What Lamie did have was more than 25 years of experience in transportation, engineering and management, including 23 years with the Illinois Department of Transportation. For the last seven years she had served as IDOT’s deputy director of highways in Region 5 [the southwestern area of the state], where she was responsible for more than 800 employees, 3,300 lane miles of state highways and 1,700 bridges. Lamie also holds a master’s degree in civil engineering from Missouri University of Science and Technology.
That background meant she knew many people in the transportation sector, whom she could tap for help on both sides of the Mississippi River and beyond. The bistate area includes the city of St. Louis as well as St. Charles, Franklin, Jefferson and St. Louis counties in Missouri, and Madison, St. Clair and Monroe counties in Illinois.
The area’s existing transportation assets include four interstate highways; a total of five airports; six Class 1 railroads; the nation’s third-largest inland port, which also is the country’s northernmost ice-free and lock-free location; and six natural gas and nine refined product pipelines.
In addition, the area’s central location, its skilled workforce, available real estate, presence of other large companies and proximity to manufacturing suppliers are strengths that often are not fully realized or are under-marketed.
While much is right with the region, that’s not to say everything is perfect. Lamie’s priority list of transportation-related improvements include major infrastructure projects, such as:
- Replacement of the 126-year-old Merchants Rail Bridge at an estimated cost of $222 million and the I-270 bridge, both of which span the Mississippi. The projected price tag of the latter project is between $160 million and $175 million.
- Increasing the capacity of I-270 by widening it to six lanes between Lilac Avenue in North St. Louis County and Illinois Route 111, at an estimated cost of $350 million to $400 million, and making other corridor improvements from Lilac to Lindbergh Boulevard at an estimated cost of $243 million.
- Improving mobility and circulation in the north riverfront commerce corridor at an estimated cost of $55 million.
- Relocating Route 3 in St.
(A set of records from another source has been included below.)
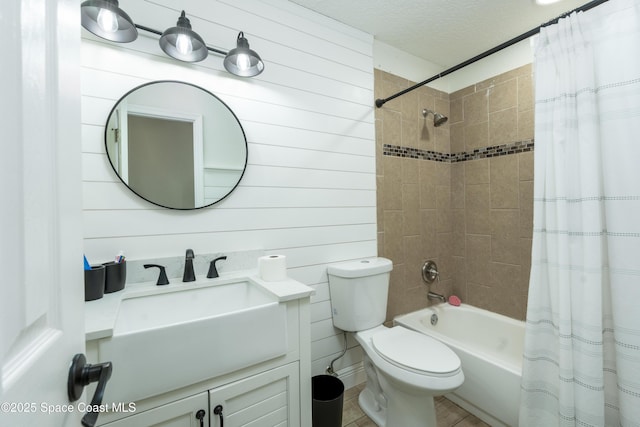 1249 Coosa Ave NE, Palm Bay, FL 32907 - full bathroom with vanity, shower / bath combo, and a textured ceiling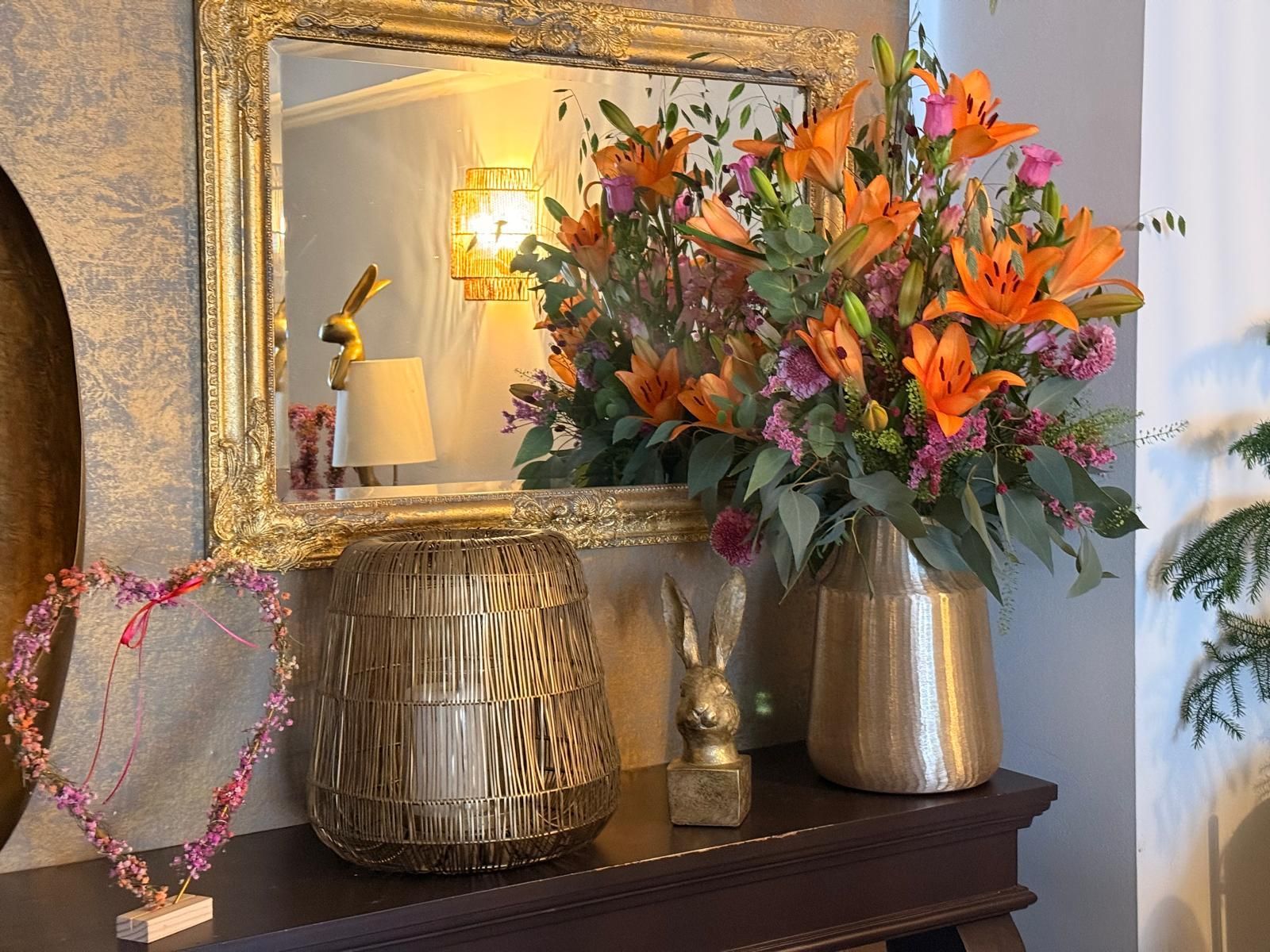 Dekorativer Kaminsims mit goldenem Spiegel, Vasen, rosa Herzgirlande und orangefarbenen Blumen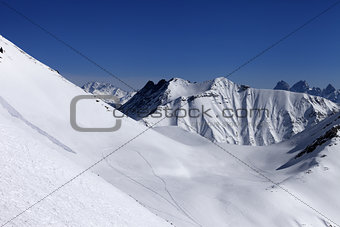View on snowy off piste slope with trace from avalanche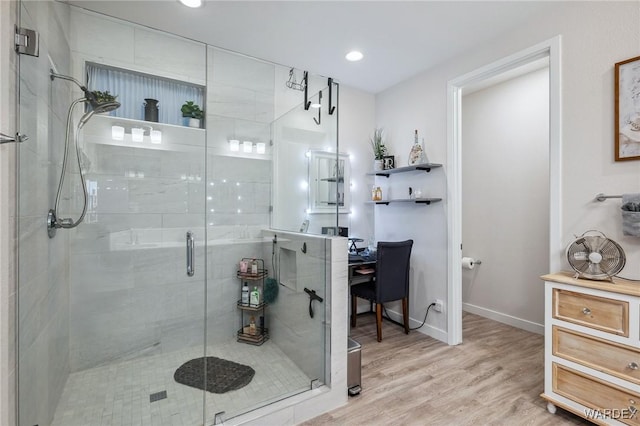 bathroom with a shower stall, baseboards, wood finished floors, and recessed lighting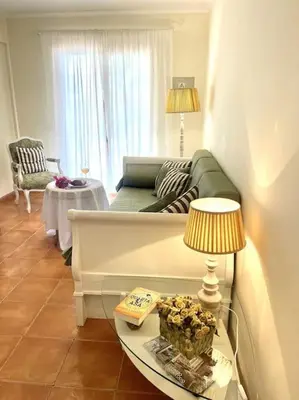 a living room with a couch and a table at Casa da Palmeira Porto Santo in Vila Baleira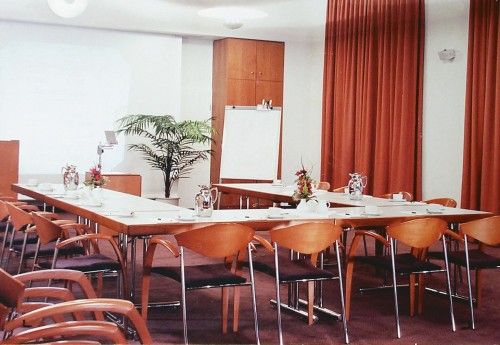 Leerer Konferenzraum mit U-förmiger Tischanordnung, Stühlen, einem Flipchart und Pflanzen.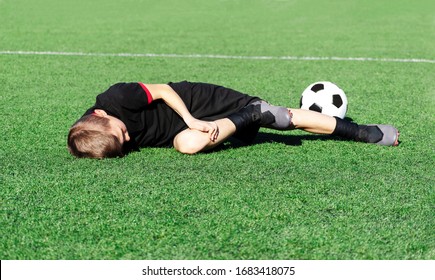 A Young Boy Soccer Player Injured His Leg During The Match. Sufferer Child Football Player And Ball On The Field. Kids Injury In Sport Concept. Children's Football School. Background. Copy Space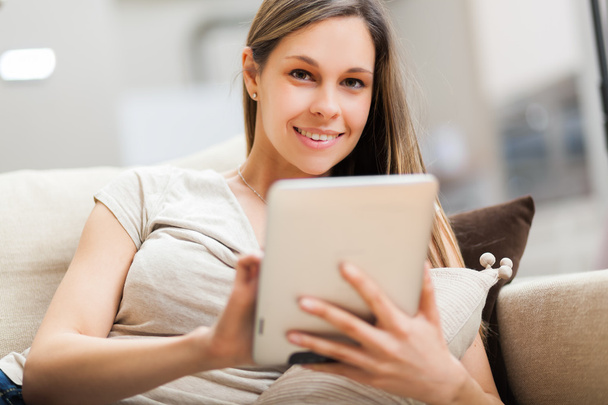 Γυναίκα, χρησιμοποιώντας έναν υπολογιστή tablet στο διαμέρισμά της - Φωτογραφία, εικόνα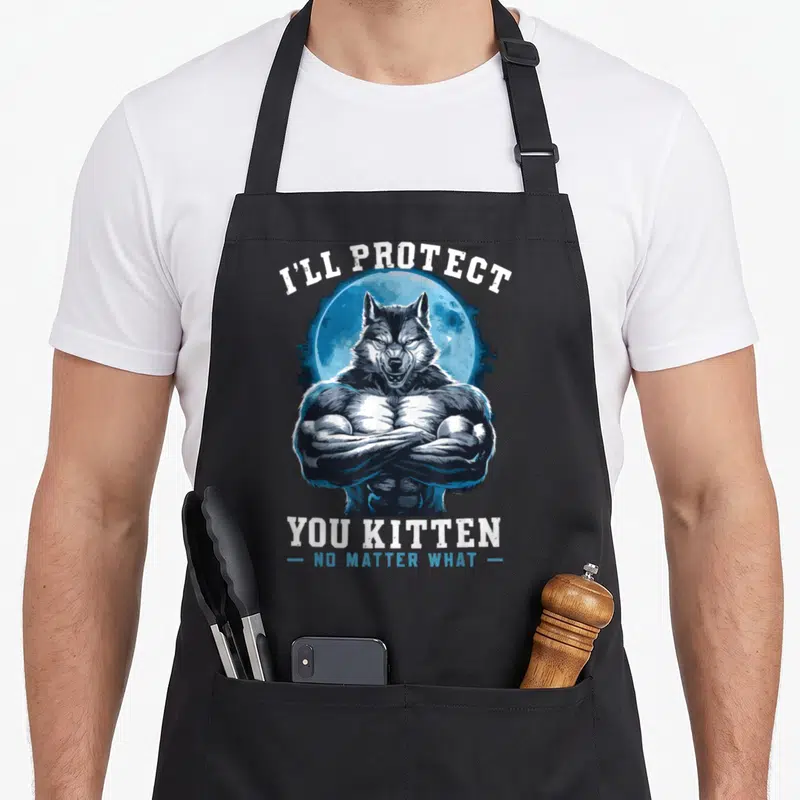 Protect alpha apron - Cartoon muscular wolf crossed arms blue moon I'll Protect You Kitten text — shown on a black cotton canvas apron against a white background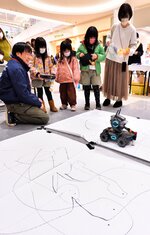 陸上ドローンを使ったお絵描きを体験する参加者ら＝１３日、日吉津村日吉津のイオンモール日吉津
Clair County to improve access to I-70, Stan Musial Veterans Memorial Bridge, Sauget Industrial Park and St. Louis Downtown Airport. Depending on road width [two or four lanes], that cost is estimated at $125 million or $170 million.
- Building a bypass loop from Illinois Route 3 over the A&S railroad in Sauget to eliminate substantial through-traffic delays at an estimated cost of $20 million to $25 million.
Lamie also has established a number of committees to work on key issues and develop and build partnerships with other regions that can benefit from the bistate’s freight and manufacturing investments. The working relationships would include not only major midwestern cities but ports, such as New Orleans and Houston, as well.
The SLRF wants to replace the “silo approach” that has had individual government entities and transportation-related businesses doing their own thing, Lamie said. Instead, the agency sees itself as the “go-to source” for coordinating activities such as site selection and other assistance to manufacturing, logistics and multimodal transportation companies.
Lamie doesn’t minimize the challenges and scope of that task, but she also believes the economic payoff for the area by having a coordinated approach to addressing issues and marketing the area’s assets clearly makes it worth the effort.